Ce n’est pas de gaieté de cœur que j’ai énuméré ces points. Encore moins pour me vanter d’avoir eu raison d’en parler régulièrement. Mais j’éprouve de la lassitude à lire et à écouter des absurdités depuis quasi 2 ans, genre « le régime syrien rend son dernier souffle ». Eh bien, le « lion » de Damas a depuis longtemps battu le record du petit félidé à sept vies ! Ce n’est pas en lui mentant qu’on aidera la population syrienne. Et si ces certitudes qui sautent aux yeux ne sont toujours pas comprises après 22 mois de conflit, il vaut mieux se faire une bonne soupe au chanvre et s’injecter un jéroboam de Red Bull en intraveineuse, avant de continuer la lecture !

EVIDENCES SUR L’AFFLUX DE REFUGIES AU LIBAN

Le dossier des réfugiés syriens et palestiniens au Liban est un grand défi
pour les gouvernants (8 Mars) et pour la classe politique libanaise, notamment l’opposition (14 Mars). Pas besoin de faire les malins, ni de recourir aux surenchères lyriques, à la démagogie à 5 piastres, à l’exploitation politique de cette tragédie humaine, au conditionnement de la population libanaise, les prochaines élections législatives pourraient transformer les gouvernants d’aujourd’hui en opposants de demain et les opposants d’aujourd’hui en gouvernants de demain. Pour éviter les erreurs de part et d’autre, que l’on soit gouvernant ou de l’opposition, il faudrait, aujourd’hui comme demain, réfléchir sérieusement à la question. Quelques évidences s’imposent d’elles-mêmes :

1. Il est préférable de ne pas réitérer pour la 665e fois l’erreur commise tout au long des années 2011 et 2012, qui a consisté à tirer des plans sur la comète Assad et sur la chute du régime alaouite.
Il y a bel et bien une nuance entre une chute inéluctable et une chute imminente. Dernière bourde en date, revient à Boutros Harb, qui nous a annoncé récemment que la chute du régime syrien est une affaire de quelques semaines. Les mois s’écoulent et le ridicule s’installe. Le 4 décembre 2011, j’avais écrit un article qui est aujourd’hui d’actualité, « Doit-on envisager la moitié d'un quart de seconde que le tyran de Damas pourrait être encore là au printemps 2013 ? (Art.47) ». 2013, on y est. Comme j’aurais aimé me tromper.
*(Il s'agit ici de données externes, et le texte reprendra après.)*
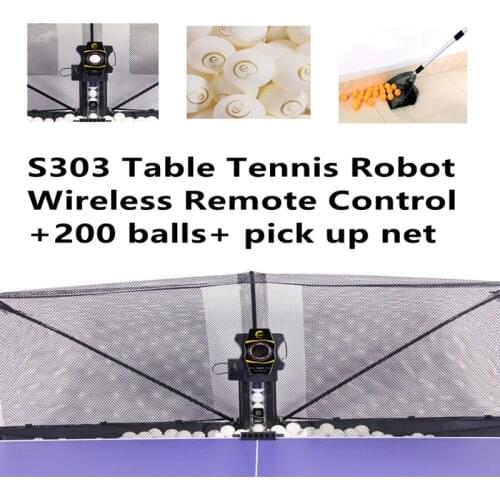 SUZ Wireless Remote Control Table Tennis Robot S303 PING PONG Machine Ball Machine 40+ balls for Ping Pong Table Accessories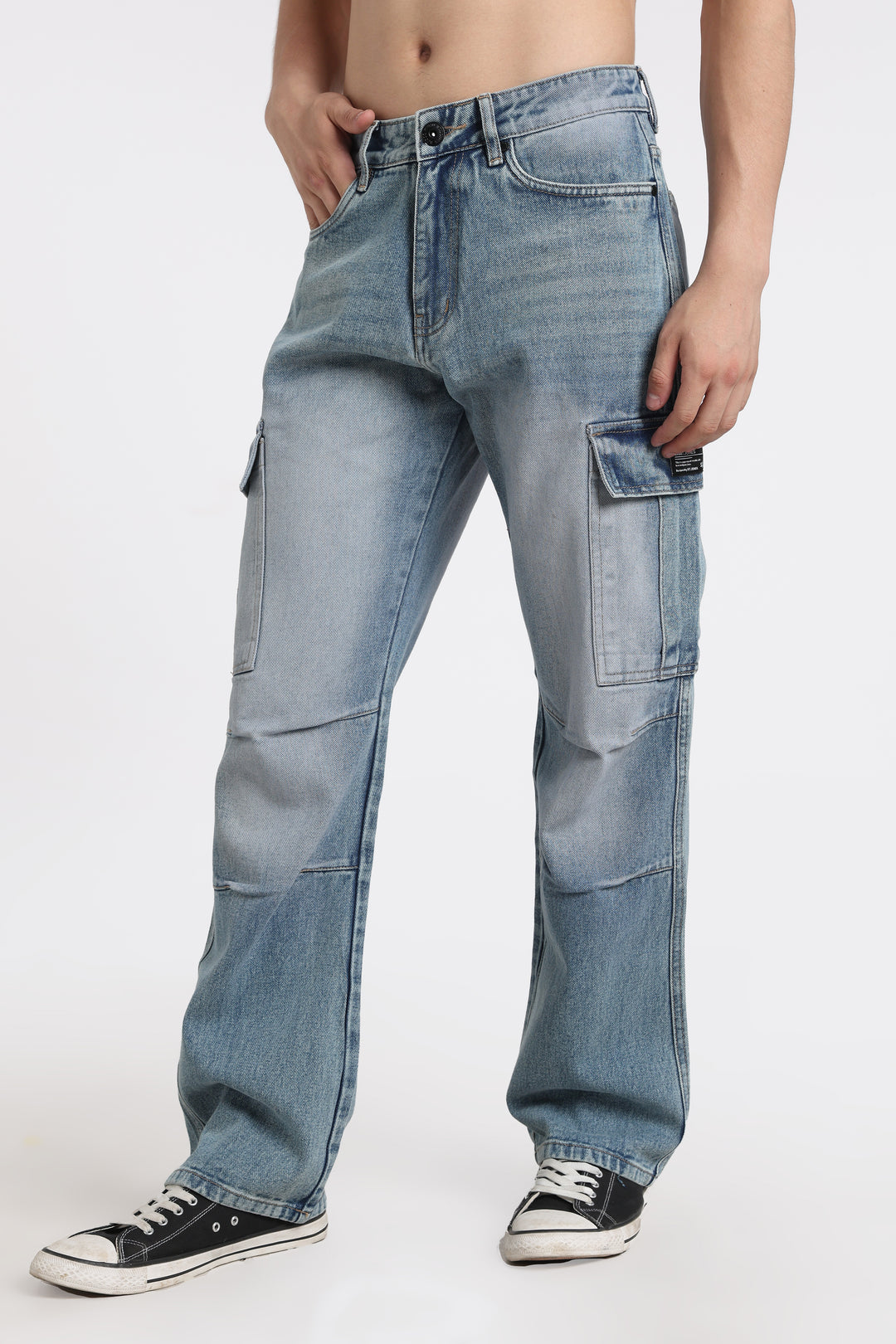 Men's Urban Loose Fit Cargo Denim Jeans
2. La chute du clan Assad à Damas, ne signifie pas la fin du régime alaouite en Syrie. Il faudrait l’envisager aussi, pour éviter au moins d’être taxé d’amateurisme. Plusieurs indices confirment l’option « Etat des Alaouites » : l’entassement des troupes d’élite dans cette région situé sur la côte méditerranéenne au Nord du Liban, le mouvement de population alaouite de la Syrie vers la zone et le front des combats qui s’étend aujourd’hui du Sud au Nord, sur un axe avancé qui protège le réduit alaouite (Deraa, Damas, Homs, Hama, Idlib, Alep).

3. La part de responsabilité des rebelles syriens dans l’exode massif de la population syrienne doit être rappelée aux principaux intéressés, notamment au Conseil national syrien (CNS) et à l’Armée syrienne libre (ASL).
La militarisation et la généralisation du conflit furent des choix délibérés. La poursuite de la guérilla mènera à l’amplification de l’exode de la population syrienne et palestinienne. Le CNS et l’ASL doivent en être pleinement conscients. Dans tous les cas, cet exode n’est pas de courte durée. Les rebelles doivent donc assumer pleinement la responsabilité de leurs choix et les conséquences sur les populations civiles, s’ils prétendent vouloir diriger la Syrie de demain. Il en est de même pour tous ceux qui les encouragent dans cette voie.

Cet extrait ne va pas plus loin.